3.39 More broadly, the government has identified the following key projects and programmes that will be prioritised as part of its Top 40 priority investments:

High Speed 2
Rationale: This project is deemed to be a priority investment in its own right because of its scale and strategic significance in terms of its role in increasing capacity and connectivity and supporting growth. HS2 will transform the UK’s rail infrastructure and is the government’s key strategic investment in the national transport network over the medium to long term.

Northern connectivity
Rationale: This is a major programme of rail investment in the North of England, comprising electrification and complementary line speed improvements, construction of the new Ordsall Curve in Manchester and improvements to the Castlefield corridor in central Manchester, and line speed and capacity improvements. The programme is deemed to be a priority investment because of its strategic importance for the UK economy in terms of its role in increasing rail capacity and connectivity and high regional significance.

Key programmes/projects
The government will monitor the key elements which comprise this programme:
Northern Hub: a programme of targeted upgrades to the railway in the North of England that could allow up to 700 more trains to run each day and provide space for 44 million more passengers a year
North West electrification
Trans-Pennine electrification

Electrification
Rationale: This is deemed to be a priority investment because of its contribution to the government’s key strategic objectives of improving capacity and connectivity while also reducing the environmental footprint of rail. Electrifying key routes on the railway will mean faster, greener, quieter and more reliable journeys for thousands of passengers and help support growth across many of our cities and towns.

Key programmes/projects
The government will particularly monitor the four largest elements of the electrification programme not included within other priority investments:
Electric Spine
Great Western
Midland Main Line
Welsh Valleys
Line capacity improvements

Rationale: This is deemed to be a priority investment because of its contribution to the government’s strategic objectives of providing additional capacity and improving connectivity by increasing services and reducing journey times.
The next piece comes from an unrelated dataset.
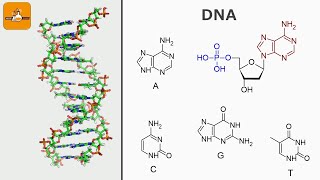 DNA Chemical composition and main functions [upl. by Ajram]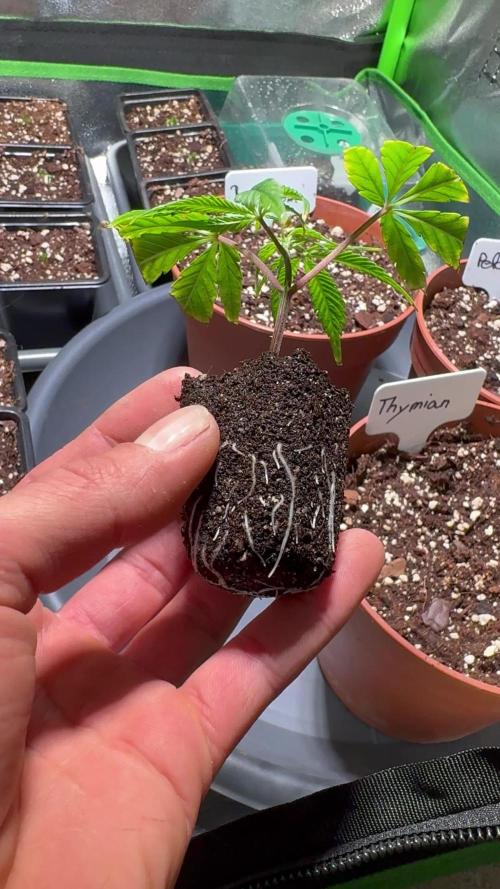 Fullgas | GHSC (Buddie)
Line improvements include new sections of track and a range of improvements to signalling, including installation of the new European Rail Traffic Management System.


Key programmes/projects
The government will particularly monitor the six largest elements of the line improvements programme
 
Midland Main Line capacity

East Coast Main Line

West Coast Main Line

Southern Train lengthening

East-West Rail

East Coast connectivity



Major station improvements
 
Rationale: This is a significant investment programme rebuilding some key thoroughfares, as well as improvements to small to medium stations which allow them to continue to provide a quality service to increasing numbers of passengers. In doing so, it supports the government’s strategic objectives of providing additional capacity whilst also enhancing passenger experience.


Key programmes/projects
The government will particularly monitor the investments in some of the busiest interchanges for people and freight at key strategic points on the rail network:
Birmingham New Street

Bristol Temple Meads

Manchester Victoria

Peterborough

Reading



Intercity Express Programme
 
Rationale: This is the largest programme of rolling stock enhancement currently underway, which will improve capacity and support the efficiency of rolling stock elsewhere on the rail network. The government will monitor this investment at programme level.
Strategic Rail Freight Network
 
Rationale: This supports the government’s objective of developing an integrated transport network, by enabling freight activity that would otherwise be undertaken by road, and supporting the connectivity of our international gateways.


Key programmes/projects
The government will particularly monitor the following investment because of its large capital value, which means that successful delivery is therefore particularly critical in ensuring the overall value for money of the programme:
Felixstowe to Nuneaton route



Crossrail

Rationale: Crossrail will increase London’s rail capacity by 10 per cent - the largest increase since World War 2, as well as supporting the delivery of over 57,000 new homes and 3.25 million 43
square metres of commercial space. This is deemed to be a priority investment in its own right because of its size and complexity: it is the biggest construction project in Europe and is one of the largest single infrastructure investments undertaken in the UK.

Thameslink
Rationale: This is deemed to be a priority investment in its own right because of its size and strategic significance. The Thameslink programme will increase train capacity on one of Europe's busiest stretches of railway (north to south through central London), providing scope for future growth. By 2018 tens of thousands of passengers daily will benefit from improved journeys (trains will run every 2-3 minutes in each direction through central London at the busiest times); better connections (many more stations outside London will be connected to the Thameslink route) and better stations. The station redevelopment will also help regenerate the wider area. The government will monitor this investment at programme level.

Read more HERE



International Railway Journal

CHINA's latest metro which is due to open in Zhengzhou on December 26 will be the first to adopt 4G LTE for its telecommunications.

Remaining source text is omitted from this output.